Thursday, February 24, 2011

ASTs, expression trees, and CFGs

I'm in the middle of doing a fairly major refactoring of the compiler, in particular the part that handles statements.

Currently, the Tart compiler goes through a number of phases, most of which are pretty standard:
  • Parsing, which produces an AST (Abstract Syntax Tree).
  • Analysis which takes the AST and produces a CFG (Control Flow Graph).
  • Code generation, which produces an LLVM module.
The analysis phase consists of a bunch of different passes, including things like building the expression tree, type inference, macro expansion, and so forth. The output of the analysis phase is a code flow graph for each function. That is, each function will have a list of basic blocks, and each basic block has a list of expressions which can be evaluated. At the end of each basic block is a branch or return instruction.

The StmtAnalyzer class is responsible for creating the overall CFG for a function. It is responsible for transforming something like an if-statement into a sequence of blocks:
  • Block 1:
    • evaluate test-expression
    • Jump to either Block 2 or Block 3
  • Block 2: ('then' block)
    • execute the body of the if-statement
    • jump to Block 4
  • Block 3: ('else' block)
    • execute the body of the else-statement
    • jump to Block 4
  • Block 4:
Within each block, there is a list of expressions to evaluate. Since this isn't a pure functional languages, these expressions will almost always have side effects. The expressions are represented as trees, similar to the original AST tree, except that each tree node also has information about the expression's type, and AST nodes which contain names have been replaced by nodes which point directly to the the named thing.

Something to note about the CFG is several pieces of information that were in the original AST are lost. The first is what kind of statement it was - that is, you can't determine just by looking at the blocks that the original statement was an 'if' statement. The second thing that is lost is information about scoping, that is when variables come in and out of scope.

Another thing to notice about the CFG is that it is a hybrid: It isn't just blocks or expression trees, but a mixture of both.

OK so all of this is pretty standard - so why is it changing? Well, this has to do with the earlier discussion of being able to evaluate some statements as expressions and have them return a value. It turns out that the data structure described above doesn't work so well in this case. For example, what is the return type of an if statement? The answer is, it's the common type returned by both the 'true' and 'false' blocks. However, in order to determine this, the analyzer needs to know that it is, in fact, an if-statement, which is unfortunate since we've already thrown that information away.

So in the new scheme, I want to split the analysis phase into two parts. The first part will produce a pure expression tree - that is, all statements will be represented as expression nodes. In the second phase, we'll convert the expression tree into a CFG. The important bit is that all of the complex analysis phases - type inference, macro expansion, and so on, will operate on the expression tree, which is in some ways an easier data structure to work with since it contains more information and is not flattened into a simple list of blocks.

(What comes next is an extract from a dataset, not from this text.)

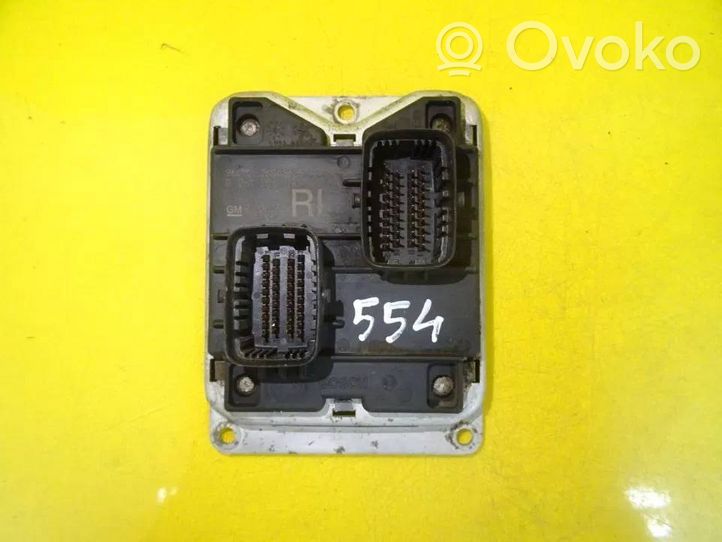 Opel Astra G Calculateur moteur ECU 0261204093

This will also make it easier to track when a variable goes in and out of scope. This is important for two reasons, one of which is generating correct debugging information, and the other reason is related to garbage collection, since we want to zero out any object references that go out of scope.

Tart release criteria, revisisted

The last time we talked about this (November 2010), we talked about what things needed to be done before I could make an official "0.1" release of Tart. One of the items discussed was garbage collection, which has now been implemented. Although the collector is very rudimentary level (for example, the heap is a fixed size, and there's no way to increase it), I'm satisfied that it is functioning at a level that it should no longer count as a release blocker.

Other features that have been implemented during this period were variadic templates, integer parsing, and improved debugging support.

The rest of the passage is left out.